Batasan untuk kategori status gizi balita menurut indeks BB/U, TB/U. BB/TB
menurut WHO dapat dilihat pada tabel “pengertian kategori status gizi balita”
(Kementerian Kesehatan RI, 2018).
Tabel 2.1.1 Klasifikasi Status Gizi Menurut WHO
Indikator Status Gizi Z-score Z-score
BB/U Gizi buruk <-3,0 SD
Gizi kurang -3,0 SD s/d <-SD
Gizi baik -2,0 SD s/d 2,0 SD
Gizi lebih >2,0 SD
TB/U Sangat pendek <-3,0 SD
Pendek -3,0 SD s/d <-2,0 SD
Normal ≥-2,0 SD
BB/TB Sangat kurus <-3,0 SD
Kurus -3,0 SD s/d <-2,0 SD
Normal -2,0 SD s/d2,0 SD

Gemuk >2,0 SD
2.1.2 Penyebab Stunting
Secara lebih detail ada beberapa faktor yang menjadi penyebab stunting dapat
digambarkan sebagai berikut (TNP2K, 2017)
1. Praktek pengasuhan yang kurang baik
Termasuk kurangnya pengetahuan ibu mengenai kesehatan dan gizi sebelum
dan pada masa kehamilan, serat setelah ibu melahirkan. Beberapa fakta dan
informasi yang ada menunjukkan bahwa 60% dari anak usia 0-6 bulan tidak
mendapatkan air susuibu (ASI) secara eksklusif, dan 2 dari 3 anak usia 0-24
bulan tidak menerima Makanan Pendamping Air Susu Ibu (MP-ASI). MP-
ASI diberikan/ mulai diperkenalkan ketika balita berusia diatas 6 bulan.

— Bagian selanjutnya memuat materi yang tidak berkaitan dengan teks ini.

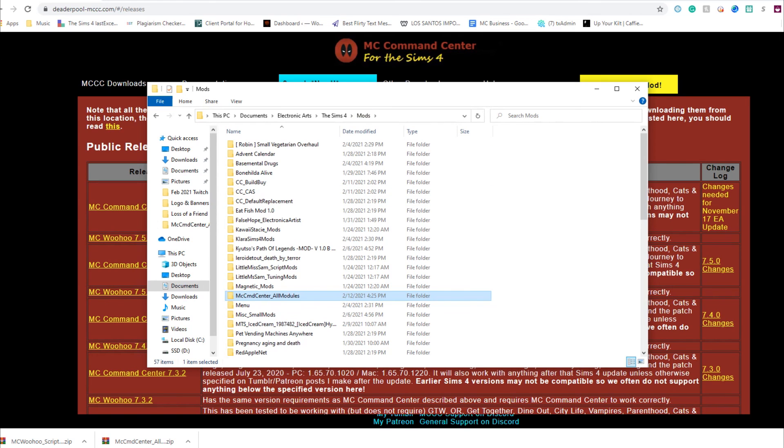All right, I hope this video helps you guys on installing and updating MC Command Center in the future. Thank you guys so much for watching, and I hope you enjoy this video and have a wonderful evening.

Selain berfungsi untuk mengenalkan jenis makanan baru pada bayi, MP-ASI
juga dapat mencukupi kebutuhan nutrisi tubuh bayi yang tidak lagi dapat
disokong oleh ASI, serta membentuk daya tahan tubuh dan perkembangan
sistem imunologis anak terhadap makanan maupun minuman
2. Masih terbatasnya layanan kesehatan
Termasuk layanan Ante Natal Care-ANC (pelayanan kesehatan untuk ibu
selama masa kehamilan, Post Natal Care- PNC dan pembelajaran dini yang
berkualitas. Informasi yang dikumpulkan dari publikasi Kemenkes dan Bank
Dunia menyatakan bahwa tingkat kehadiran anak di posyandu semakin
menurun dari 79% di 2007 menjadi 64% di 2013 dan anak belum mendapat
akses yang memadai ke layanan imunisasi. Fakta lain adalah 2 dari 3 ibu
hamil belum mengkomsumsi suplemen zat beis yang memadai serta msih
terbatasnya akeses ke layanan pembelajaran dini yang berkualitas.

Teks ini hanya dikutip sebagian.